Could you transcribe every record below exactly, leaving out any pictures?

______

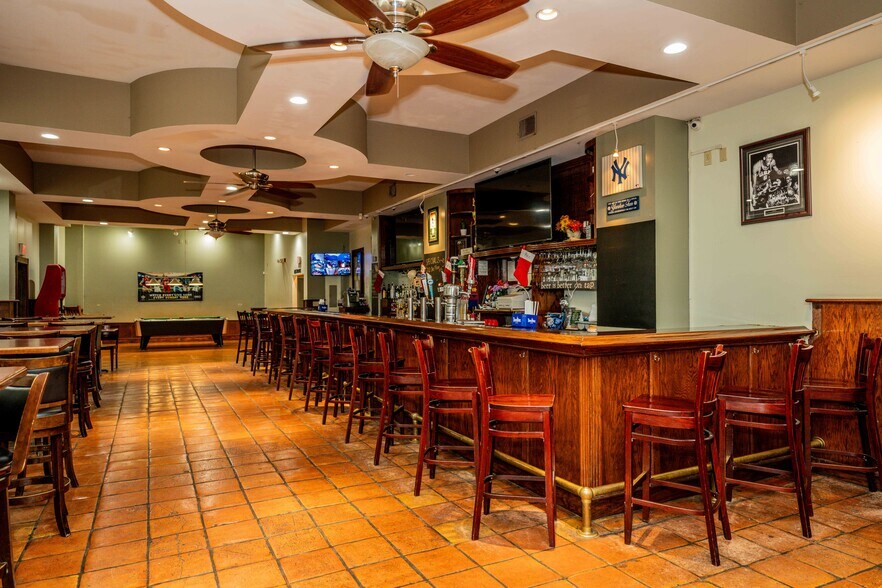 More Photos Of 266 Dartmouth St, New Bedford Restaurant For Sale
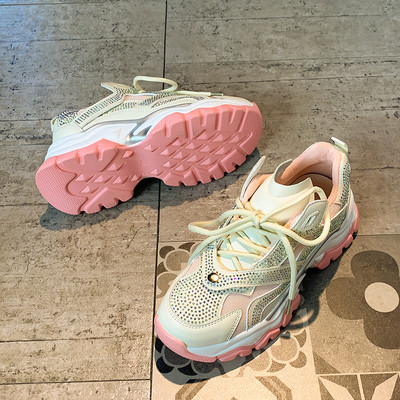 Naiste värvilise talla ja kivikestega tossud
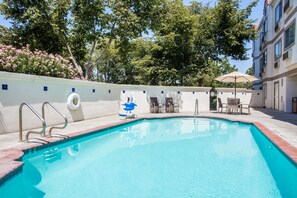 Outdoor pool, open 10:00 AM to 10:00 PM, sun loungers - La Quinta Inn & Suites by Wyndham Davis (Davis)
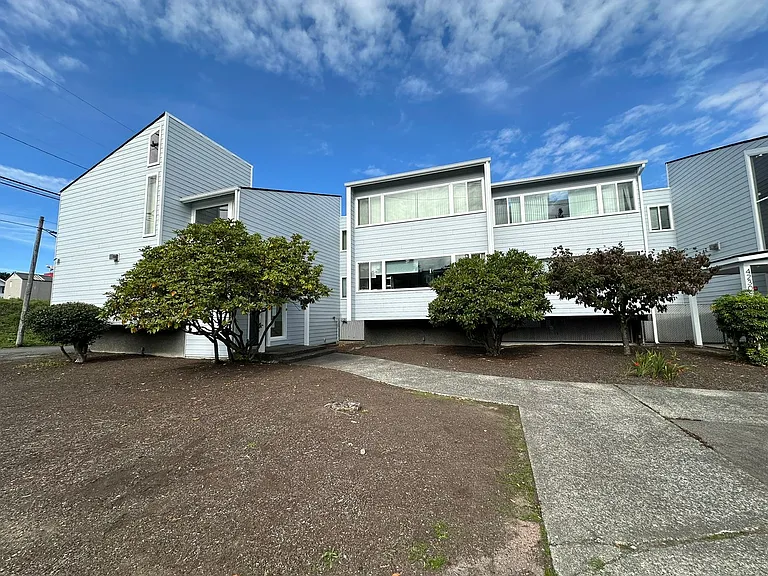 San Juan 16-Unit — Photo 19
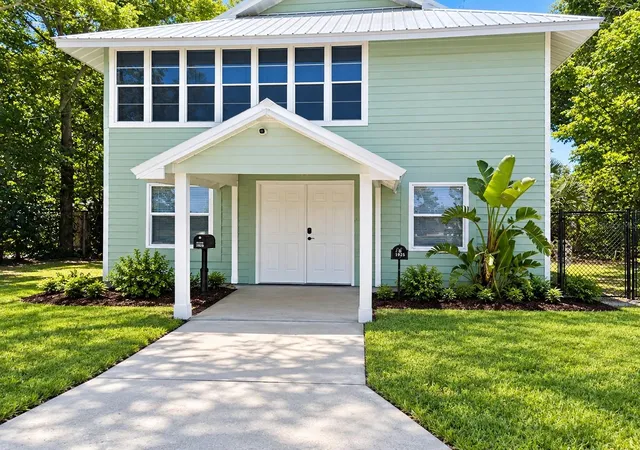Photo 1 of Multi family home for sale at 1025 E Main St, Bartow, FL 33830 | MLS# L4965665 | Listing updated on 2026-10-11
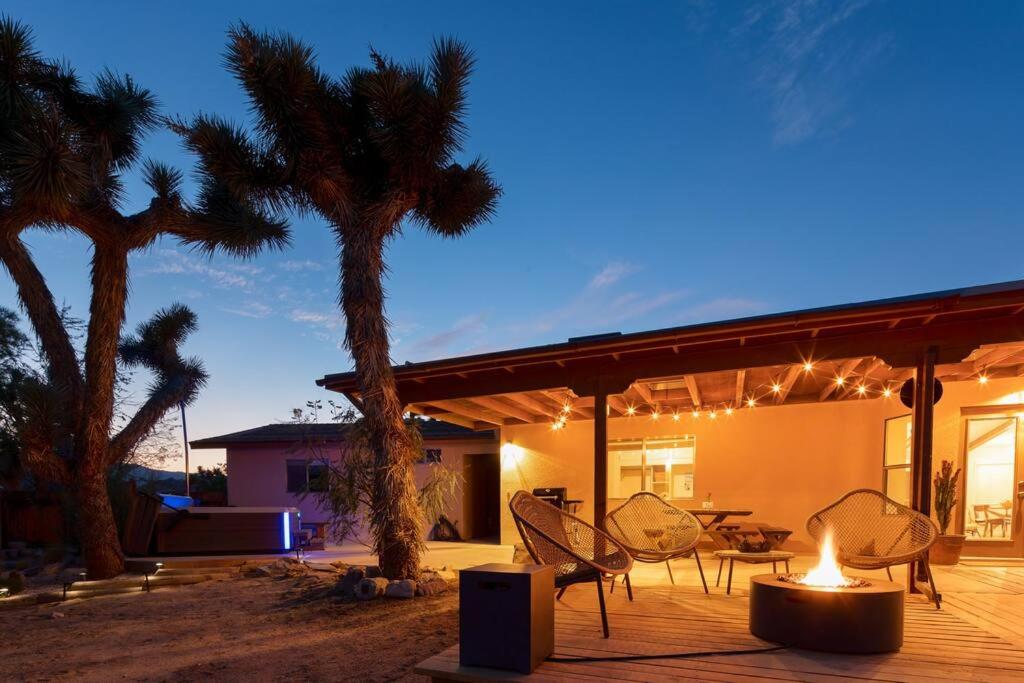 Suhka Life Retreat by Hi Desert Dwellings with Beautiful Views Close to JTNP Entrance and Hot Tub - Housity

______

RESPONSE FOR THIS EXERCISE:
 More Photos Of 266 Dartmouth St, New Bedford Restaurant For Sale
 Naiste värvilise talla ja kivikestega tossud
 Outdoor pool, open 10:00 AM to 10:00 PM, sun loungers - La Quinta Inn & Suites by Wyndham Davis (Davis)
 San Juan 16-Unit — Photo 19
Photo 1 of Multi family home for sale at 1025 E Main St, Bartow, FL 33830 | MLS# L4965665 | Listing updated on 2026-10-11
 Suhka Life Retreat by Hi Desert Dwellings with Beautiful Views Close to JTNP Entrance and Hot Tub - Housity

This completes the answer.